For textual entailment, the method achieved a success rate of 70% with an average modification of 23% of the words. The lower success rate compared to sentiment analysis is attributed to the shorter length of hypothesis sentences in the SNLI dataset, making subtle perturbations more challenging.

Human Evaluation

A user paper with 20 volunteers showed that 92.3% of the adversarial examples retained their original sentiment classification by human evaluators. Additionally, the similarity ratings between original and adversarial examples averaged at 2.23 out of 4, confirming the perturbations were perceptually minor yet sufficient to deceive the models.

Adversarial Training

An attempt to use adversarial training as a defense mechanism highlighted the robustness of the generated adversarial examples. Despite retraining with adversarial examples, the model did not exhibit increased robustness, underscoring the difficulty in defending against such attacks in the NLP domain.

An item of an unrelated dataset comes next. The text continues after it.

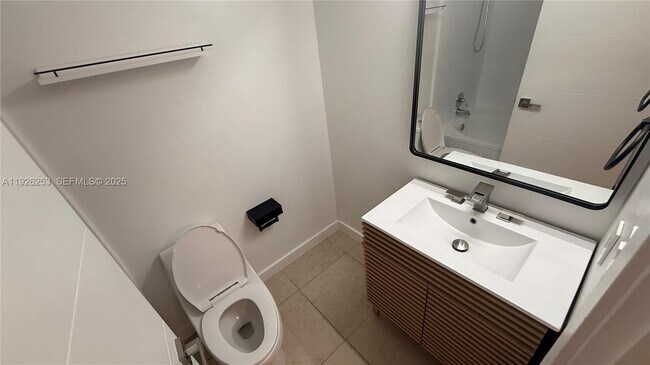 Building Photo - 10670 SW 156th Pl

Implications and Future Directions

This research illuminates the susceptibility of NLP models to adversarial attacks, stressing the need for enhanced robustness. The black-box nature of the attack algorithm makes it broadly applicable, as it does not require access to model internals, which is often the case in real-world scenarios. Future research could explore more effective defense mechanisms and extend these techniques to other NLP tasks. Moreover, the field could benefit from developing methods to detect adversarial examples or improve model architectures to naturally resist such perturbations.

Conclusion

The paper successfully demonstrates that adversarial examples can be generated in the natural language domain with high success rates while maintaining semantic integrity. This work encourages the NLP research community to further investigate model robustness, defend against adversarial attacks, and enhance the reliability of deep neural networks in practical applications.